About that Reader trick
Reader can be used to track local bindings, but tracking all bindings can be more difficult.
Published:
There is an interesting post on Solomon's Blog about how the Reader monad in Haskell can be used to model variable bindings in an interpreter, which he calls "that one cool reader trick."
For those unfamiliar with Reader
, it represents a computation which can reference some environment and execute sub-computations in a modified environment. Concretely, this is often used in Haskell apps to reference some kind of initial configuration or context that's needed throughout. It would often be a pain to manually pass this environment to every function that requires it, so instead, we wrap the computation in a Reader
monad and then retrieve the environment when necessary with the ask
function.
As Solomon writes, and as shown in the example usage of Reader
in the documentation, we may also use Reader
to manage variable bindings in an interpreter.
However, it's important to note that this is only useful if you want to interpret a language without global variables or mutation. This makes Reader
a bad abstraction for modeling variable binding in, say, the Scheme programming language, which crucially has both of these (define
for global variables and set!
for mutation). Unfortunately, Reader
is used to model environments in the Write You a Scheme Version 2.0 tutorial (WYAS 2), which I think is basically incorrect.
In this post, I will show how Reader
can be used to model local bindings, and why it's insufficient to represent mutable or global bindings.
A tiny interpreter
Let's say we want to interpret a language with integer variables and Lisp syntax:
(let (x 10)
x)
All our tiny language has are literal expressions (like 10
), variable expressions like the x
on the second line, and let expressions, like the whole block. When we evaluate the let expression, we traverse the abstract syntax tree (AST), and eventually get the result, which is just the value 10
.
In our interpreter, we represent expressions with a data type called Expr
1:
data Expr
= Literal Integer
| Var String
| Let String Expr Expr -- name, value, body
An expression is either a literal integer, a variable which holds an string name, or a let expression, which has a name, a value, and a body.
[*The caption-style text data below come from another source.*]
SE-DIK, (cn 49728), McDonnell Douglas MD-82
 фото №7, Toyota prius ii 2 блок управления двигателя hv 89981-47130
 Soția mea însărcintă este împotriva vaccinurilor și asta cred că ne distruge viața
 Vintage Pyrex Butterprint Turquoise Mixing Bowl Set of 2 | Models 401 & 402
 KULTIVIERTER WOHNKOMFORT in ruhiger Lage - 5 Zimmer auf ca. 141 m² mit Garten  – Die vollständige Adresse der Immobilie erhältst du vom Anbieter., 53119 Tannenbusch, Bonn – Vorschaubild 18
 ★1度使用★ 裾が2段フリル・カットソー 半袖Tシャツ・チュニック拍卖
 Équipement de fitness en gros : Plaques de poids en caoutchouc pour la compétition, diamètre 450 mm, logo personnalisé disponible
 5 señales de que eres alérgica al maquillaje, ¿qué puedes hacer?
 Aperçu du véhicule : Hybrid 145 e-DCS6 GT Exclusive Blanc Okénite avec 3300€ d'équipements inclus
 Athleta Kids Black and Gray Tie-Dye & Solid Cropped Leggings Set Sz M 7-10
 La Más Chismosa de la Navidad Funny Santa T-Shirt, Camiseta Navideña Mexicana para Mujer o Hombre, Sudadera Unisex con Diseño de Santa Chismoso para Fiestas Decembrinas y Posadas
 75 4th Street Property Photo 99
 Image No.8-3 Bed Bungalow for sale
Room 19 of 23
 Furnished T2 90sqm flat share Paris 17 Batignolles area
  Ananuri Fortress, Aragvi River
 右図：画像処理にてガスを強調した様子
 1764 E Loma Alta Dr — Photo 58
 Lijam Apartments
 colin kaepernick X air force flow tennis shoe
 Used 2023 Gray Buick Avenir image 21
We can hold our variable bindings in a map from String
to Integer
:
type Bindings = Map String Integer
Now we can write a simple evaluation function for our language, eval
. Our evaluator takes an expression and returns a computation representing the variable bindings and the eventual result, an integer. We can implement eval
like this:
eval :: Expr -> Reader Bindings Integer
eval (Literal x) = pure x
eval (Var name) = do
env <- ask
case Map.lookup name env of
Just value -> pure value
Nothing -> error "Undefined Variable"
eval (Let name valueExpr bodyExpr) = do
env <- ask
value <- eval valueExpr
let modified = Map.insert name value env
local (const modified) (eval bodyExpr)
Let's step through each part:
- To evaluate a literal expression, just
pure
the literal value. - To evaluate a variable expression, we get the current environment with
ask
, then lookup the name in the environment, throwing an error if it's not there. - To evaluate a let expression, get the current environment; evaluate the value expression; create a new environment with the new binding; and finally, evaluate the body expression in the modified environment. That last part is exactly what
local
does, except it expects a modifying function as its first argument, so we just pass our updated environment as a constant function.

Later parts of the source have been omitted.